--- TRY IT ---
Skip the pictures. Output only the lines below starting at the line with "Load image into" and ending at the line with "Used Vauxhall Mokka", both ends included, exactly as they are.

--- TASK DATA ---
_____
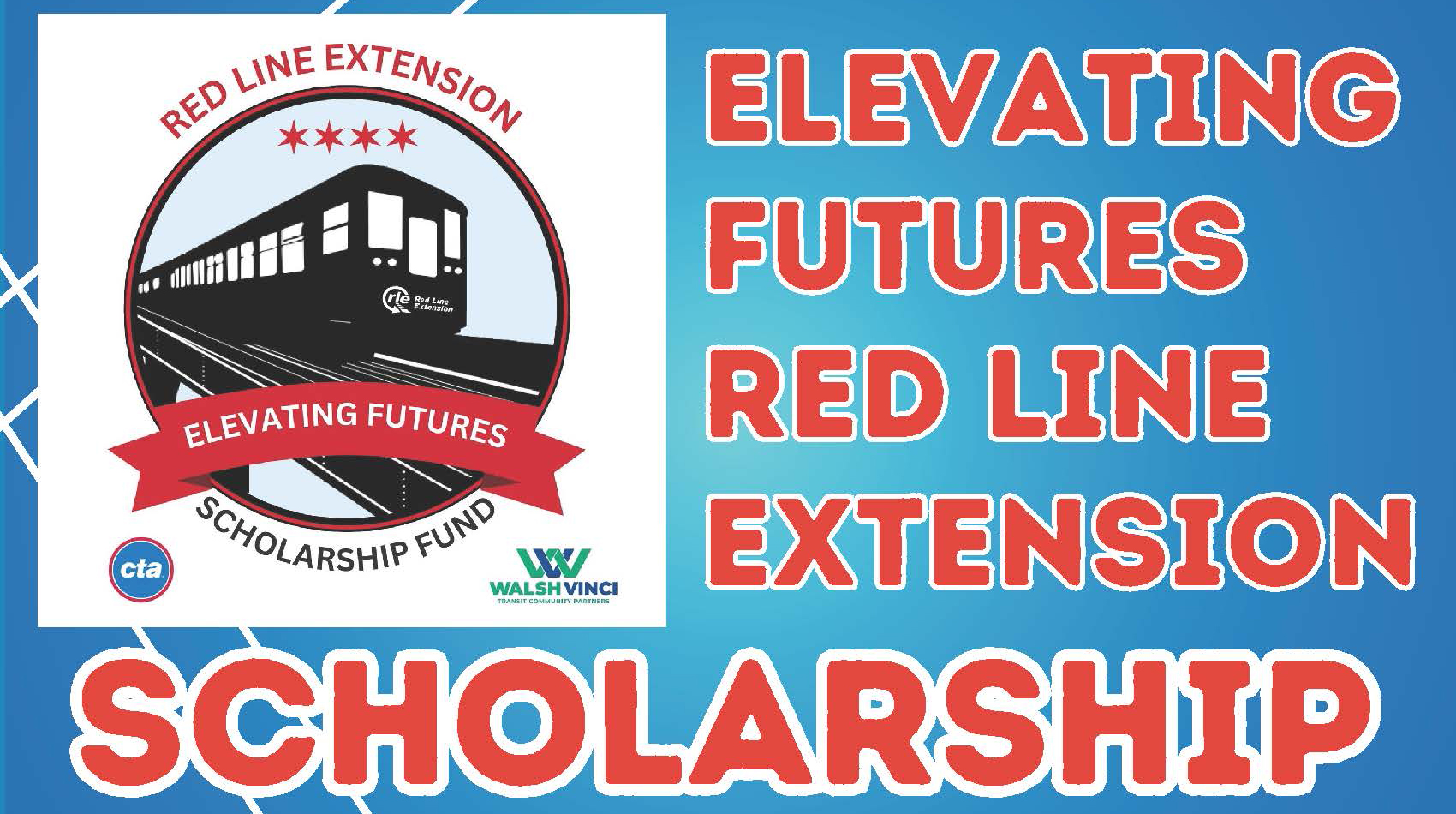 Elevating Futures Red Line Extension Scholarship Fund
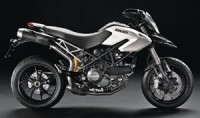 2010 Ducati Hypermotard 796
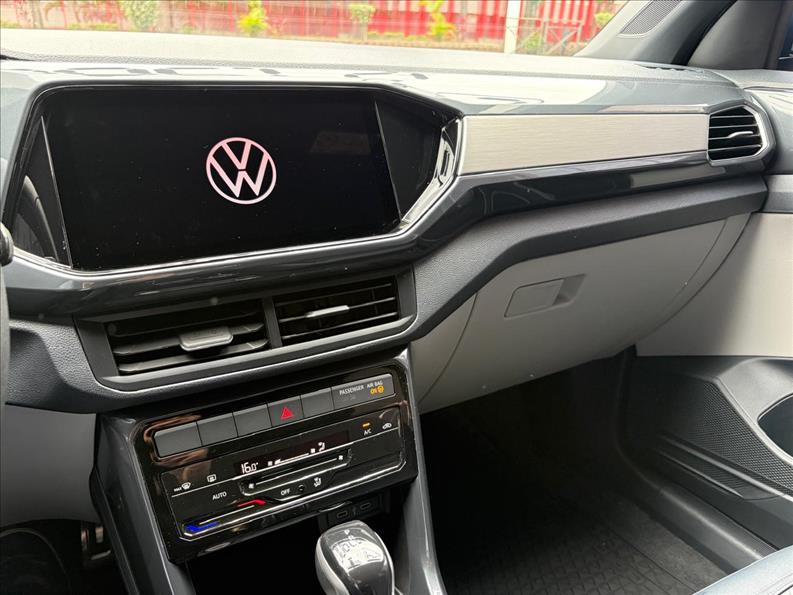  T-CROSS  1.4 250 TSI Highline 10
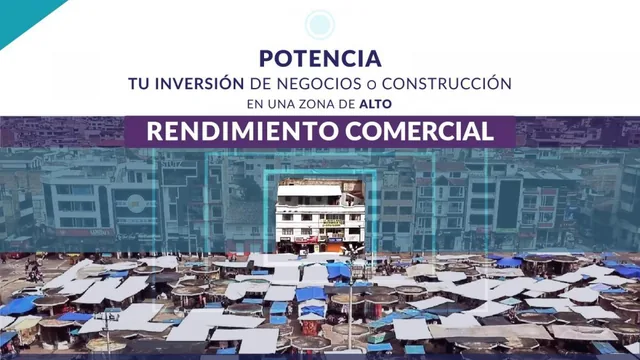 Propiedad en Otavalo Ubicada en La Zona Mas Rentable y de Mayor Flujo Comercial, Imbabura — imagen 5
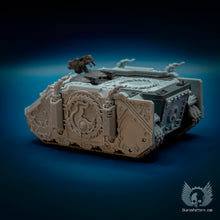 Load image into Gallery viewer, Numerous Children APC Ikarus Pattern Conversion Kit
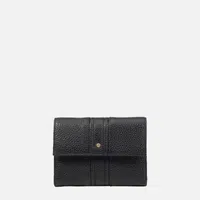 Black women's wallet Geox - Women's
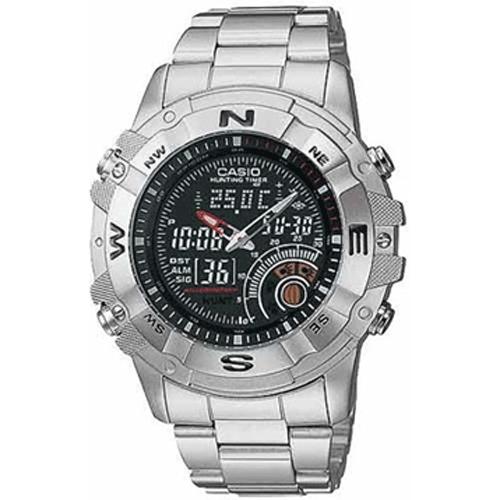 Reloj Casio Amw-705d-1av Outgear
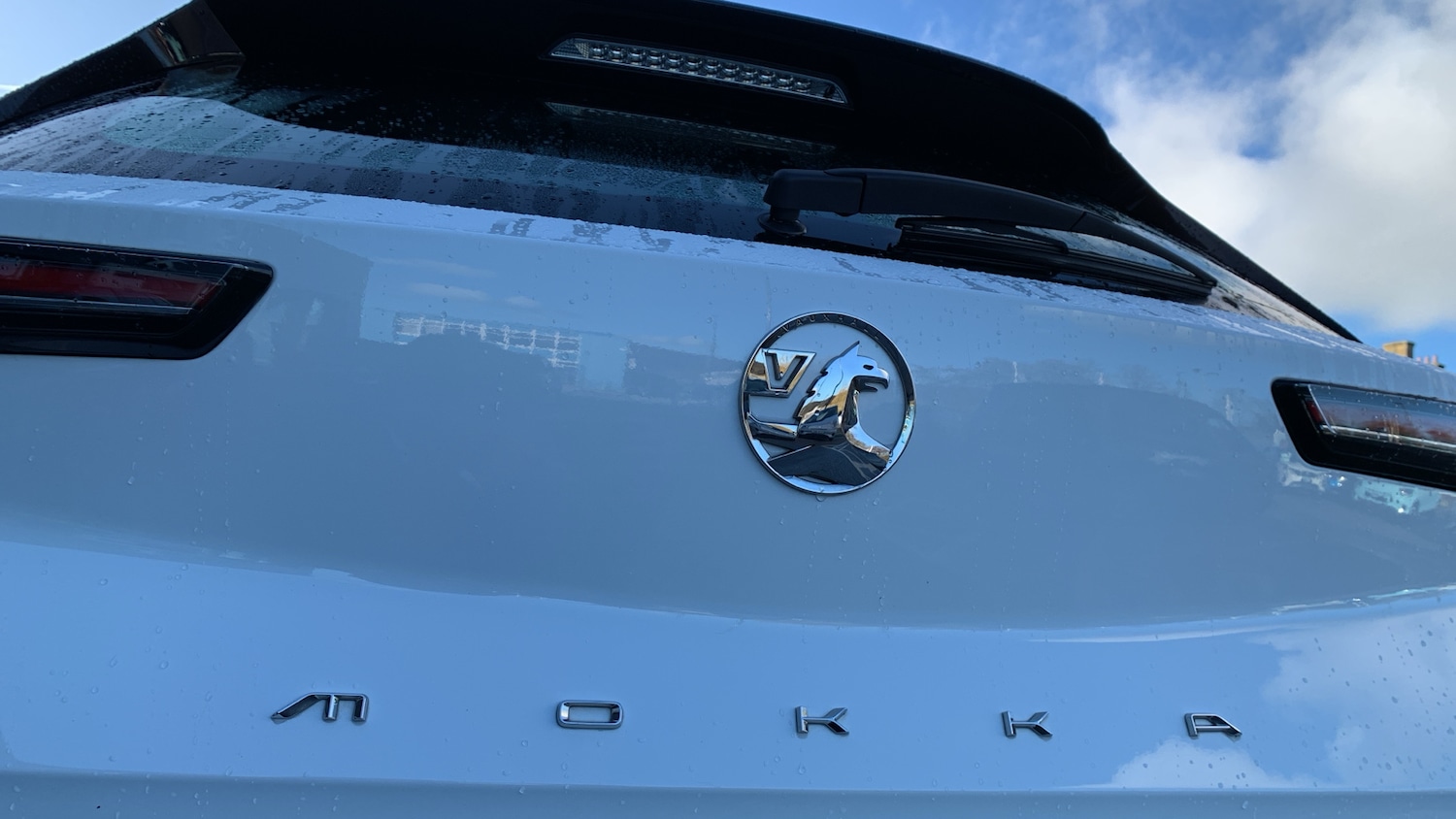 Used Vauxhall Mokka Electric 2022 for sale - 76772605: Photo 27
_____
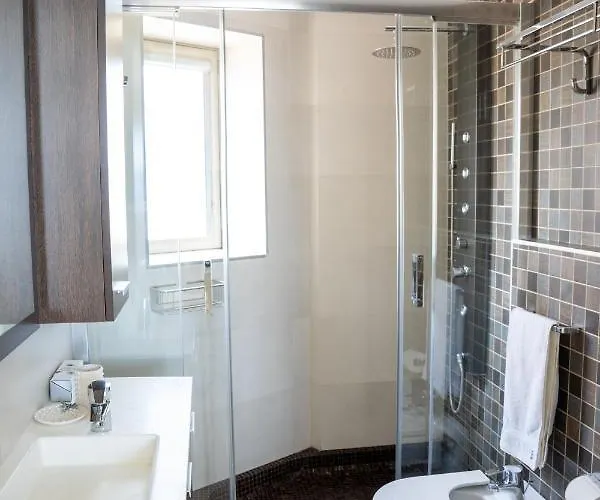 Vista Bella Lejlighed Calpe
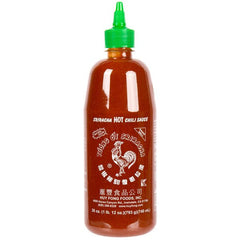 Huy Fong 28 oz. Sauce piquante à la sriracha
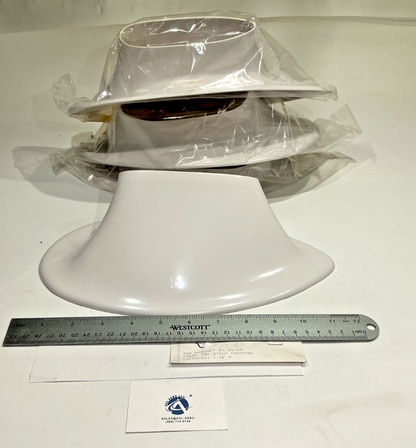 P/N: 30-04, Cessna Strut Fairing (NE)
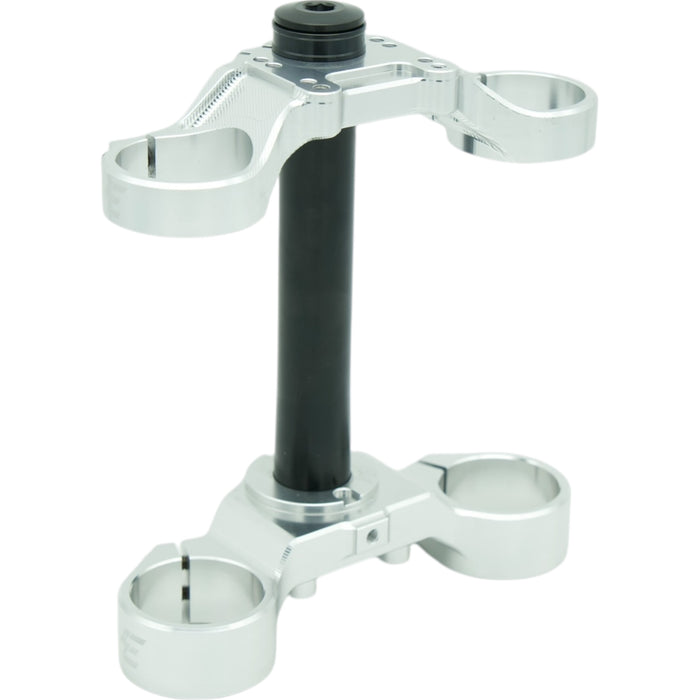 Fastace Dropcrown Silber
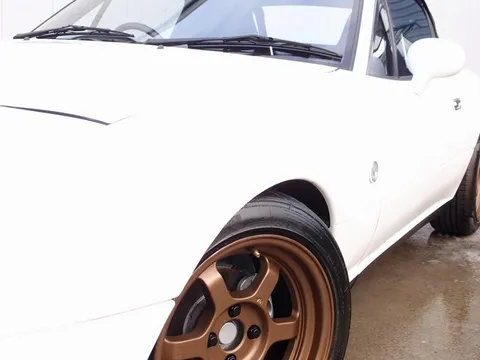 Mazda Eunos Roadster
_____
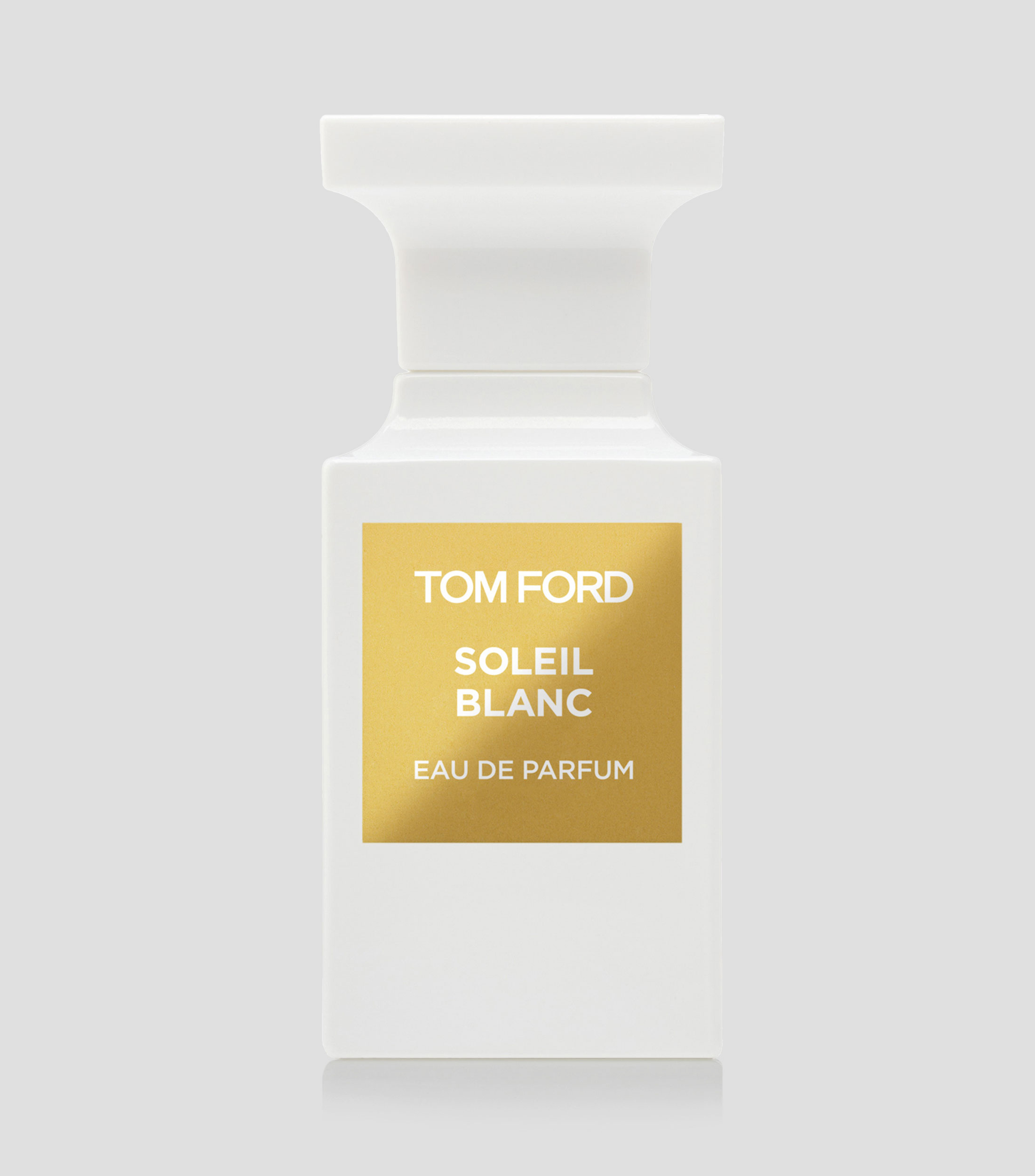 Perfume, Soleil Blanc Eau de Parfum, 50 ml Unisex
_____
--- TASK RESULT ---
 Load image into Gallery viewer, Numerous Children APC Ikarus Pattern Conversion Kit
 Black women's wallet Geox - Women's
 Reloj Casio Amw-705d-1av Outgear
 Used Vauxhall Mokka Electric 2022 for sale - 76772605: Photo 27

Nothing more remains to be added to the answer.